If I could only postpone those Finalizer-calls until as late as necessary (e.g. until free'ing their memory was an absolute must - native resources would not be the problem, as they would be cleaned up long before during the synchronous call to Dispose()). The moment the application would run out of memory even after conventional garbage collection (which might never happen), it would collect the reporting instances. I needed SoftReferences. The garbage collector delays the collection of objects referenced by SoftReferences as long as possible. Unfortunately, .NET does not provide the concept of SoftReferences (Java does, though). .NET has WeakReferences, which will be picked up much earlier than SoftReferences. So I simply started my own background thread, which would remove reporting instances from a static Collection after some minutes of reporting inactivity, hence make them available for garbage collection.

Sometimes luck just strikes me, and that's what happened here: this approach extinguished all sudden crashes. The reporting instances got picked up by the garbage collector (I debugged that), but just a little bit later. Late enough for their finalization to run smoothly.

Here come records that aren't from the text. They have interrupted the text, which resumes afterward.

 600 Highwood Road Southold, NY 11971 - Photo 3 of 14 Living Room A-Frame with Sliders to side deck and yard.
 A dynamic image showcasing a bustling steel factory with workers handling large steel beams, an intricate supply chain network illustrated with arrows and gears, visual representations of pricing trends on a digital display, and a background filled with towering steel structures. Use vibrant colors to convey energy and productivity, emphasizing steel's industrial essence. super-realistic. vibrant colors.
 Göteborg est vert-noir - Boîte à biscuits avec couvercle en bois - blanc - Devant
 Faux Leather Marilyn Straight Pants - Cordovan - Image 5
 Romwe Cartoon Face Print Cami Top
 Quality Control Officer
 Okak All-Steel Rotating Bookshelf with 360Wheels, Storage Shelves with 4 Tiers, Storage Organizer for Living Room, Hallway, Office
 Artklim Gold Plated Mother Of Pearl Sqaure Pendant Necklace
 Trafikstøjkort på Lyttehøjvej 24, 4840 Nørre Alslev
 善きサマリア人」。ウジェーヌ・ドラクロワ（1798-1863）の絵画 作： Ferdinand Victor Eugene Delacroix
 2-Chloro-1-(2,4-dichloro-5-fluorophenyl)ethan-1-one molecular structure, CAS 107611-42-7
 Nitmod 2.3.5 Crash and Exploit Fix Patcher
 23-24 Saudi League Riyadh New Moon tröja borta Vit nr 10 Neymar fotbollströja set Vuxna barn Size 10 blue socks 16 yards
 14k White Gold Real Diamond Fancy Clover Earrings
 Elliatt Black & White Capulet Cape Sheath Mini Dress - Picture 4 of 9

So up to now I don't know the exact cause (as mentioned before, it must have been a timing problem - if reporting instances survive some seconds, they will not crash during finalization). We are still investigating it, and we will find a more suitable fix. But much more important: we shipped on time, and we made our customer happy. All end-user installations are working fine so far.

Do I like the current solution? No, it's a hack. But still it's 10.000 times better than shipping an unstable product. From a certain level of complexity on, all software products contain hacks. Just have a look at the Windows 2000 source (esp. the code comments) that were spread on P2P-networks some time ago. In an imperfect world, you sometimes have to settle with imperfect (but working) solutions for your problems.